Reply:From what you've said, I can see how it would be very upsetting...but we don't know the history here or how well y'all get along so there's likely more to it than what's been posted.
Reply:Honestly yes you should be upset, it is your sons wedding! Why on earth would he not invite you?? All family and traveling guests should beinvited. I think parents are the most important people, other than bridal party! I would ask him why you are not invited and demand that he treat you like his mother!
Reply:I would be pissed...... your suppose to be invited to the rehearsal and you should be seated appropriately at the wedding... I am sitting my mother with her friends because that's where she wants to be.
Reply:NO NO NO You are not wrong for being upset. The groom's parents are always at the rehearsal. Do you mean at the wedding you will be sitting with the other guests? If that is true that is totally wrong.

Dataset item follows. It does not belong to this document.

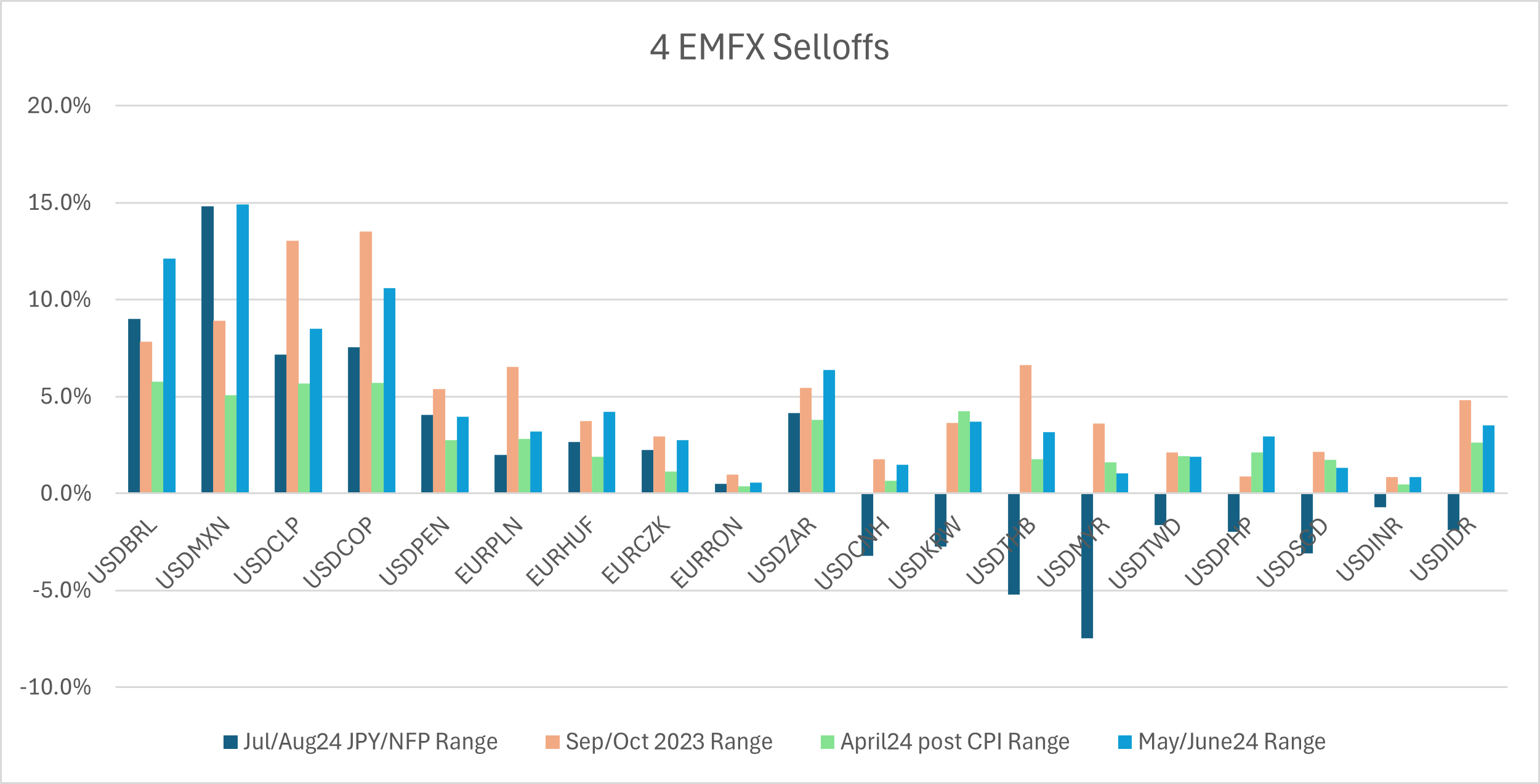 EMFX Macro Mid-Year Review - by Stephen Elgie - EM FX Macro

Can you talk to talk to him and find out if all of this was his idea or is others have put the idea in his head (such as his future in-laws or his fiance)?



I am so sorry you are going through this. This should be such a happy time. I personally would not feel like going to the wedding. I am not a mother but I know that mothers make all sorts of sacrifices for their children. So I would think you would just go to the wedding and act pleasant no matter how hurt you are. By doing that it will pay off later. He will know that you were there for him no matter what.



God bless you.
Reply:From the info you've given this sounds very strange...and yes, I think you have the right to be upset. Is there some other conflict going on in the family that has caused this?
Reply:I'd be very upset and offended.
Reply:NOOOPE!!!!!!!
Reply:There's obviously a reason, perhaps you practice embarrassing behaviour. Maybe you were/are mean to him. Sounds like you're the problem, mom. Take a subjective view, and see if there's anything you've done to cause this.
Reply:trust me. you will enjoy the wedding more if your not in it. just enjoy the people, the atmosphere. the behind the scenes activities are so stressful.
Reply:Not invited to the rehersal???? I can understand not doing the whole parent thing at the wedding, especially if one side does not have a close relationship with the parents, then unfortunatly the other parents get shafted. But to not be invited to the rehersal dinner. That seems almost shady. Especially when traditionally the grooms parents pay for the dinner.....oh and I hope you are not paying for it if you are not invited!!! That would be a slap. I did not do the parent thing at my wedding because my dad had passed and my relationship with my mom is sour, but she was at least invited to the wedding and did get to sit with the family. That just seems weird...what is your relationship with the daughter in law to be...maybe there is something there causing drama???
Reply:there is defentily more to the story. is he unstable? was you a ***** to him your whole life? was this decision influenced by the bride? is he on drugs? there are a lot of questions that need to be asked and answered first.
Reply:No. You should be upset. No matter how bad you embarrass him, You are his mother. he should be ashamed of himself to do something like this. I wouldn't even go to his wedding if he tried to pull that on me.
Reply:no you should be upset and go there and sit with family because from that wedding on you will be family.Not a guest
Reply:Sounds like there is underlying issue between you and him or between you and his new bride. You should sit down with him and talk it over.
Reply:You have every right to be upset. What is his problem? Have you talked to him about it? Traditionally the groom's parents pay for the rehearsal dinner and have always been included. Are the bride's parents invited? At most wedding receptions the parents of the bride and groom are seated at a table near the bridal party table and if room permits they are sometimes even seated at the bridal table. I think you should talk to him and find out what is going on and let him know how hurt you are by these decisions.
Reply:There is obviously something else you are not telling us.